Would you rather other people didn’t hear it either?!
I can just reiterate that I find the whole business… uncomfortable is the word. The whole thing is so sonically and politically and emotionally… early. And that’s something you either feel comfortable with or feel a bit uncomfortable about. And I suppose I tend to the latter.
Do the contingencies of history and fashion affect how
the music sounds?
You mean do I get to hear it afresh? The nearest I ever came to that was, I remember talking to Robert Wyatt a long time ago about how much I disliked… let’s just say, earlier work. And he said he felt the same way, and it was agony for him to listen to early stuff, until he took the imaginative leap into assuming that the music was by somebody else. It’s not an easy trick to pull off, and I’ve been mistrustful of it. I guess on those grounds I would certainly be prepared to forgive whoever made it!
There’s a lot of nostalgia for that scratchy early punk-funk sound at the moment…
It’s just the way things go, the amount of time that’s elapsed. I guess at the moment it is fashionable, and it’s for those with the stomach for it, and the spare time, and it’ll be rewritten and reread and I’m not sure I’ll take a whole heap of notice. I spend as little time thinking about the past as I’m able to and when called upon to try and remember the past I find years of active forgetfulness strategy and Guinness have done pretty well at blurring it all into a relatively inaccessible realm.
A band like Bloc Party, talking about themselves as an ‘autonomous unit’, seem to be entirely composed of these fashionable but empty signifiers…
And what was your degree in young man?! How empty are those gestures? Well that’s a very big question… I don’t know. I guess with a lot of it… Having been there “the first time around”, there’s not a lot to interest me about people who sound like any number of bands who could have walked into Rough Trade on a wet Wednesday back in the day. Not a very edifying spectacle I’m afraid.
Isn’t it depressing, this stripmining of cultural
history?
That’s the way it goes! I guess that’s part of what drove me away from the whole indie thing in the first place – it became reified, fetishised, whatever. Institutionalised, really. It seems to have become quite comfortable with morphing through the shapes. And that’s when I headed off to America and hip hop and all things away from that. Although I’m back to that, now days… I accept the fact that I’m white and I play the guitar! So that’s who I am.
Simon Reynolds is about to publish new book about post-punk. I think he mourns a certain cultural purpose/mission, a sense that music was about more than just other music…

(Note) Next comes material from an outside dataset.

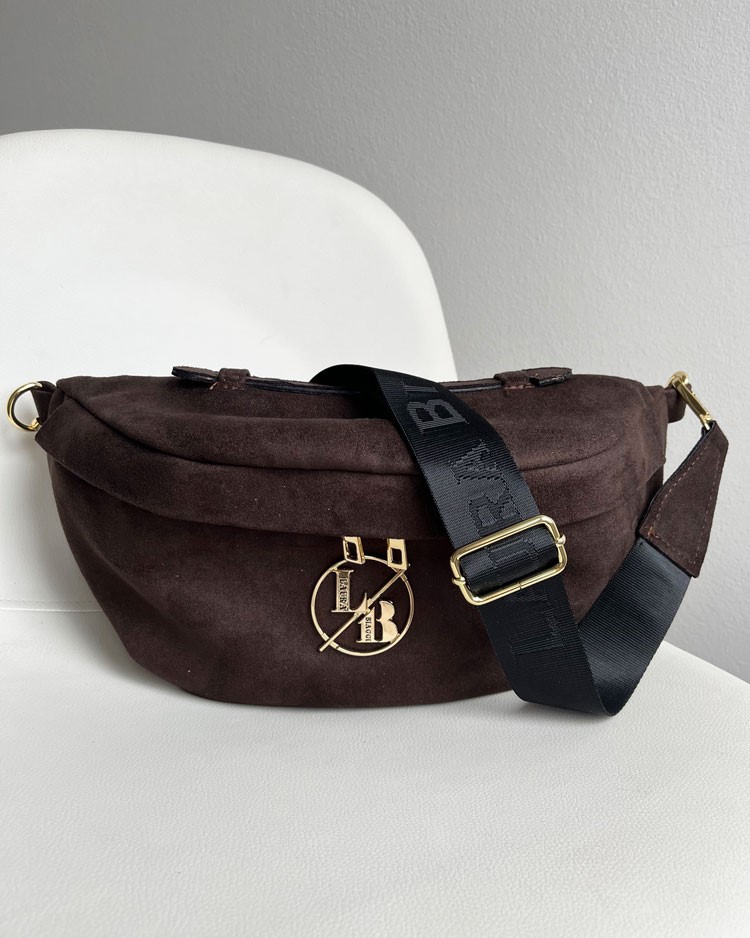 Čokoládová semišová ľadvinka Laura Biaggi veľká a praktická aj ako crossbody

I have a sense that it would be mistaken, in my view, I’m not sure there was a fall from that Eden. And I’m not sure I’d be able to judge what form musical production and consumption might take in the future. Technology is bound to have a huge effect on all of that. It’s pretty unimaginable, the popular music of the future. I’d be neither too despairing of the future nor too enthusiastic about the past. It’s sounds boring I know!
Did you have much musical ambition before punk?

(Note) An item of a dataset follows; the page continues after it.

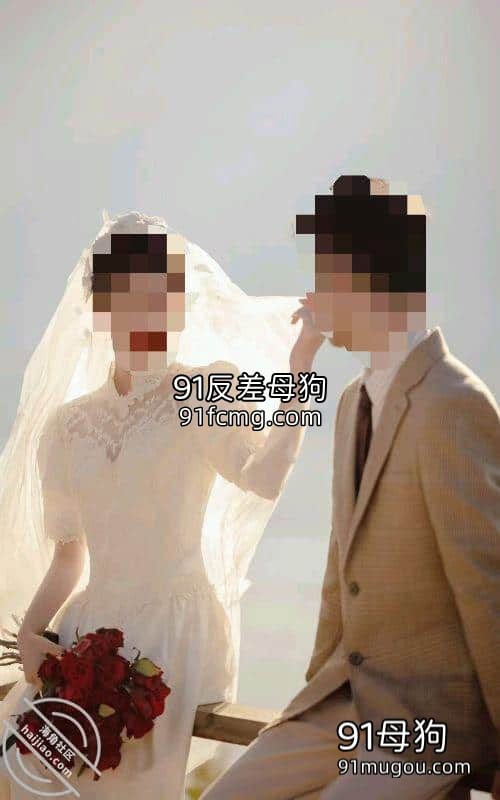 海角社区小叔乱伦强上酒后新婚的反差婊嫂子-1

I played. I listened to a lot of music. I think I was probably headed for the Centre of Contemporary Cultural Studies in Birmingham. I don’t know if I could have done the academic thing… Maybe.
But there was a Damascus moment?
There really was, yes. It’s not fanciful to say, particularly on the evening in Leeds when I saw the Pistols, The Clash, The Damned and The Heartbreakers, I entered the room one person and left… quite another.

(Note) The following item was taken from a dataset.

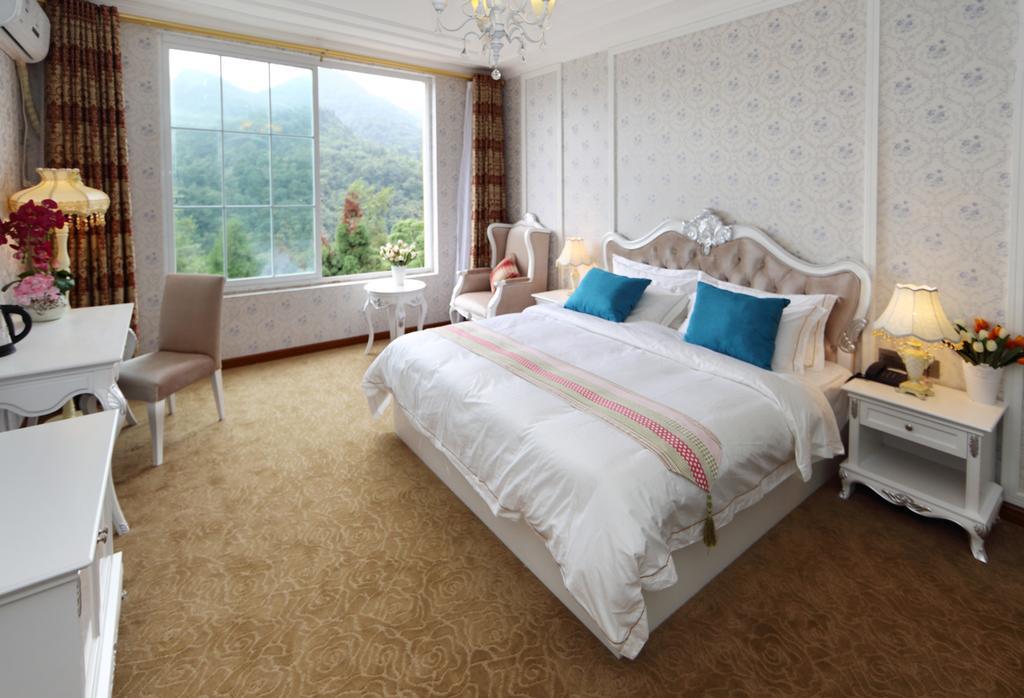 Panshan Tingquan Tuwo Holiday Resort Leshan Δωμάτιο φωτογραφία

How did you measure the success of those first singles? Just the fact that you had released them? Been played on John Peel? Sold 500 copies?
Ambition was a very funny idea at the time. I guess it’s an interesting question: what one’s hopes were for the business of making music. There were significant numbers of us then who viewed the whole business of having a career or ambitions for our music in a different way. I guess, yes it felt good if you had a few of them returned to you with nasty comments! We always put our home address on the records so people could get in touch. At the height of it, people were getting in touch from all over Europe in their droves. That’s a slight exaggeration. But that was enormous fun, staying up all night, drinking and arguing with dirty eurocommunist crusties. That kind of direct feedback. I remember, the last band I really liked before punk was Henry Cow, and I used to try and promote gigs for them when I was a student. And Chris Cutler, their drummer, was one of the first people to go out and buy our single and promptly stick it in an envelope and send it back to us saying we should leave the business of making music to real musicians!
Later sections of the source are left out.